I have run out of things to say about the horrible state of magazines these past few years. Depressing, banal, boring, lifeless. All of them. It's almost like the idea of creating something beautiful has become offensive to the editors of Conde Nast and Hearst.

Magazines are nothing more than scared little followers of whatever's churned out on the internet, obedient to the algorithms designed to keep everyone - no matter their age - thinking and acting like stunted adolescents, sucking up products and agendas.

People need to look at the devices in their hand and realise everything exists to encourage you to act like a teenager, stuck in that mode of basing everything on superficial appearances, being obsessed with sex, desperately pinning your identity to certain groups while bullying anyone who isn't part of your 'tribe', all the while thinking nothing through to its real-life consequences, and when anything inconvenient is pointed out, labelling it as some form of 'hater'. Because that would be the actions of a well-rounded adult.

Most of the main titles - there is nothing in them for people who are happy to be adults. Just an endless drip of low-effort sh*t. The equivalent of constantly wearing designer-label sweatpants at home and wanting applause for your daring fashion choices.

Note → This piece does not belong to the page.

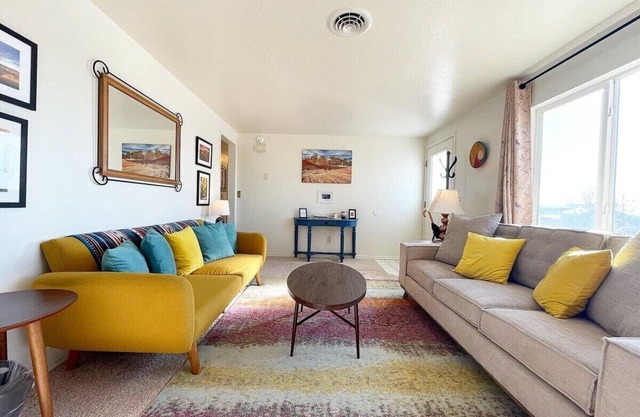 Kanab Utah home with HUGE fenced in backyard-Pets Welcome! Near National Parks!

In this age, magazines should be a slice of life that mixes the mundane with the extraordinary. On one page, you could see yourself, the next page, something you could never imagine. Best of both worlds. And a good editor could balance it all.
 
^^^ I can’t imagine anyone that actually possesses creative talent and an actual individual POV of the cinematic scope for high fashion production, would ever actively seek to be a part of the mainstream Western fashion publishing industry in 2023. Why would they…??? Italian and French Bazaar show potential— although still too early to invest in them as some beacon of high standard at this time; and the more exclusive publications Self Service/Purple/Holiday are too insider when it comes to their hiring; unless you run in the same social circles as the teams there, no amount of talent will get you in with them.

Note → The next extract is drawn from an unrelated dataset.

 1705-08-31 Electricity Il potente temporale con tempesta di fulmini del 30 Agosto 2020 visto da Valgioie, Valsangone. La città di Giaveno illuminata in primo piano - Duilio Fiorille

These mainstream rags really are followers, for followers that mindlessly, numbingly, passively parrot and pander to the most pedestrian denominators in SM; to optimize brand profile; and maximize advertisers' profit. That’s it— that’s all it’s about: Highest of fashion creative POV and standards be damned. It’s all about the mid-range/budget department-store marketing approach based on algorithms, hoarding likes/followers and SEO. If that’s your standard in fashion, then this is your time and place…

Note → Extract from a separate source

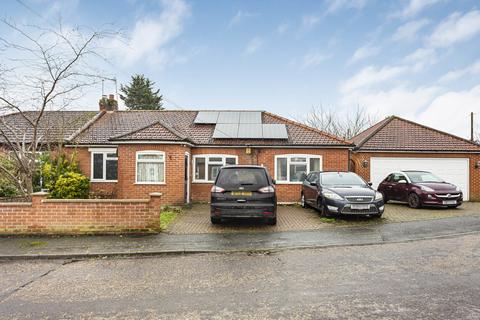 3 bedroom bungalow for sale, Vegal Crescent, Englefield Green, Surrey, TW20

There are better selects from the coverstory than the one that they chose of course— especially one where she’s in all-white and seated; looking like early-2000 Diane Kruger. It seems a deliberate move to always go with the most mundane select for the cover, even to go as far as to cut off the feet... Weird. Their AD Gary Ponzo is awful (…was he Glenda’s AD cuz the same heavy-handedness is still there???), with the skills and experience of a 1st-year design student interning. HIs type selection and layout is just so offensively pedestrian.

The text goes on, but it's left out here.